Explaining the treatment

MCHK’s Code of Professional Conduct says that it is the doctor’s duty to ensure that the patient truly understands the doctor’s explanation about the proposed treatment and the related risks and benefits. Therefore, an explanation should be given in clear, simple and consistent language, and in terms that the patient can understand.

According to the Code, the explanation should cover not only significant risks, but also risks of serious consequence even though the probability is low (i.e. low probability serious consequence risks).

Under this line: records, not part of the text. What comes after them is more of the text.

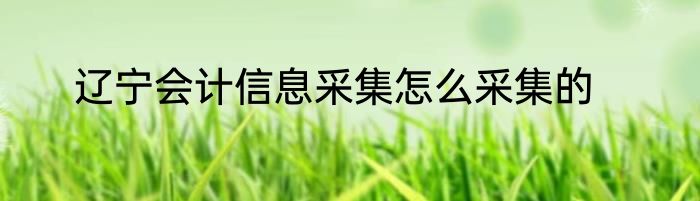 辽宁会计信息采集怎么采集的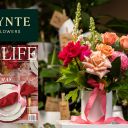 Thumbnail for Celebrate Christmas with a gift from SALIFE and Tynte Flowers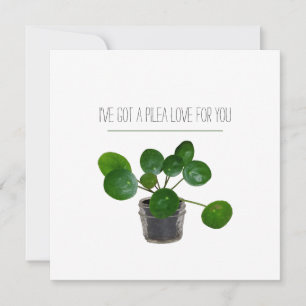 Pilea Sweet Plant Pun Valentine Julkort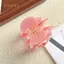 PNPIA- Sweet Camellia Rose Acetate Vuốt Tóc Dòng Hoa Vuốt Kẹp INS Hợp Thời Trang Kẹp Tóc Cho Nữ Bé Gái Phụ Kiện Tóc
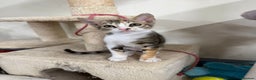 Domestic Shorthair cats for sale: Sally Needs a Home🐱 - Advert 4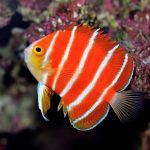 Peppermint Angelfish a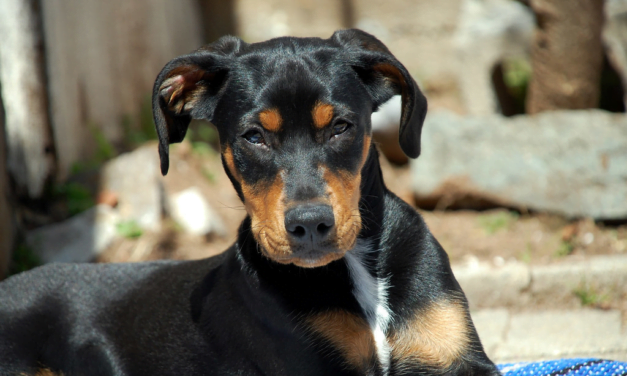 Austrian Pinscher: A Complete Guide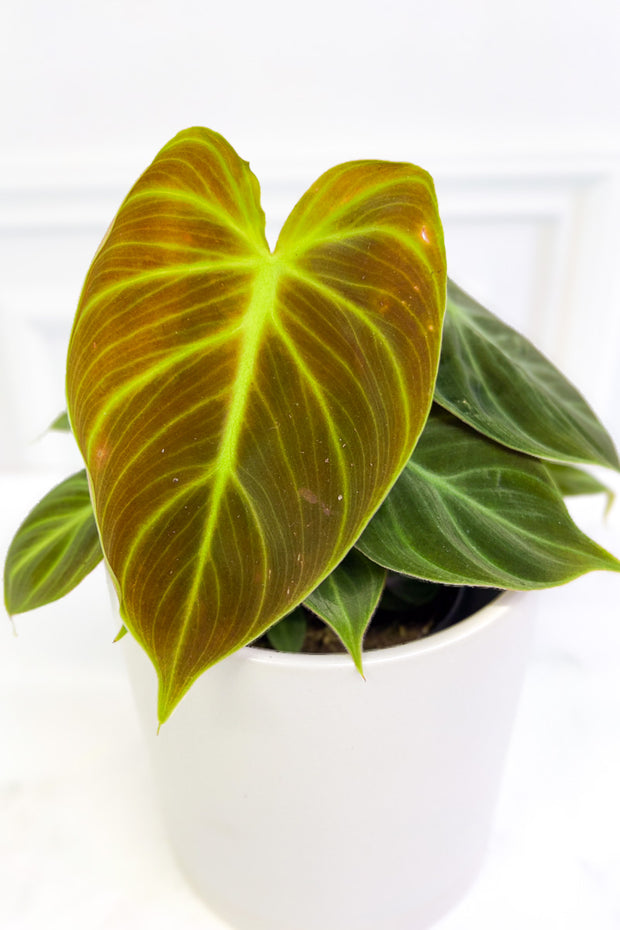 Philodendron, El Choco Red 4"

The Code also provides that a doctor should not withhold information necessary for making a proper decision for any reason, even if the patient’s family members ask for the information to be withheld from the patient, unless in the doctor’s judgment the information will cause serious harm to the patient (such as where the information may have a serious effect on the patient’s mental health). However the threshold for withholding information is high, and upsetting the patient or causing him to refuse treatment will not be proper justification for withholding information. Any decision to withhold information must be recorded in the patient’s records.

Children

The MCHK says: “Consent given by a child under the age of 18 years is not valid, unless the child is capable of understanding the nature and implications of the proposed treatment.” Where the child cannot understand, consent should be obtained from the child’s parent or guardian. However, even where a child is competent to give valid consent, the MCHK says a doctor should encourage the child to involve the parents in decision-making, with regards to important or controversial procedures.

According to the Code, it is usually sufficient to obtain consent from one parent, but in major or controversial medical procedures, “there may be the duty to consult the other parent.” In cases where the parents cannot agree on a decision, or where they refuse treatment that is clearly in the best interests of the child, legal advice must be sought.